Shortly after the filing of the complaint, during the week of October 18, 2004, Marsh suspended Gilman and McNenney, with pay. Around the same time, Marsh forced its CEO, Jeffrey Greenberg, to resign and replaced him with Cherkasky, a close personal friend of then-NYAG Eliot Spitzer. According to Gilman and McNenney, Marsh replaced Greenberg with Cherkasky as part of a deal with Spitzer to avoid criminal prosecution of the corporation. After taking office, Cherkasky met with Spitzer and agreed to waive Marsh's attorney-client privilege in exchange for avoiding criminal prosecution of the company. As part of this deal, Marsh turned over handwritten notes and typed summaries of Gilman and McNenney's meetings with Marsh's attorneys.

On October 25, 2004, the NYAG published a press release announcing its agreement with Marsh. It stated that " the goals that would have been advanced by a criminal prosecution of the corporation . . . will be better accomplished by criminal prosecution of individuals." (Dkt. No. 93, Declaration of James Halter, Exhibit 14, at 235-38 [" Halter Declaration" ].) According to Gilman and McNenney, Cherkasky knew that they would be prosecuted. In fact, the NYAG civil complaint named Gilman as a wrongdoer and mentioned McNenney as being involved.

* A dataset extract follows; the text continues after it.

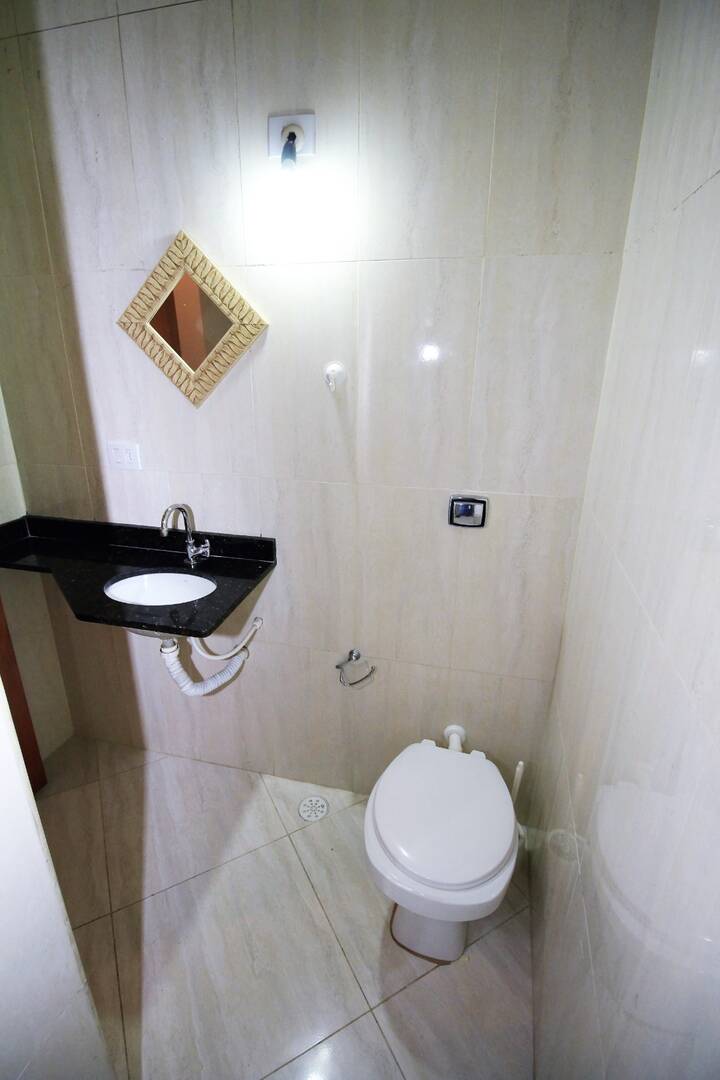Sobrado, 3 quartos, 143 m² - Foto 12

In connection with the ongoing investigations, Marsh requested that Gilman and McNenney submit to interviews. McNenney contends that Marsh requested that he interview with the NYAG. Marsh contends that it requested that he interview with its attorneys. The parties agree that Marsh requested that Gilman interview only with Marsh's attorneys. After consulting with their personal attorneys, both Gilman and McNenney declined to be interviewed.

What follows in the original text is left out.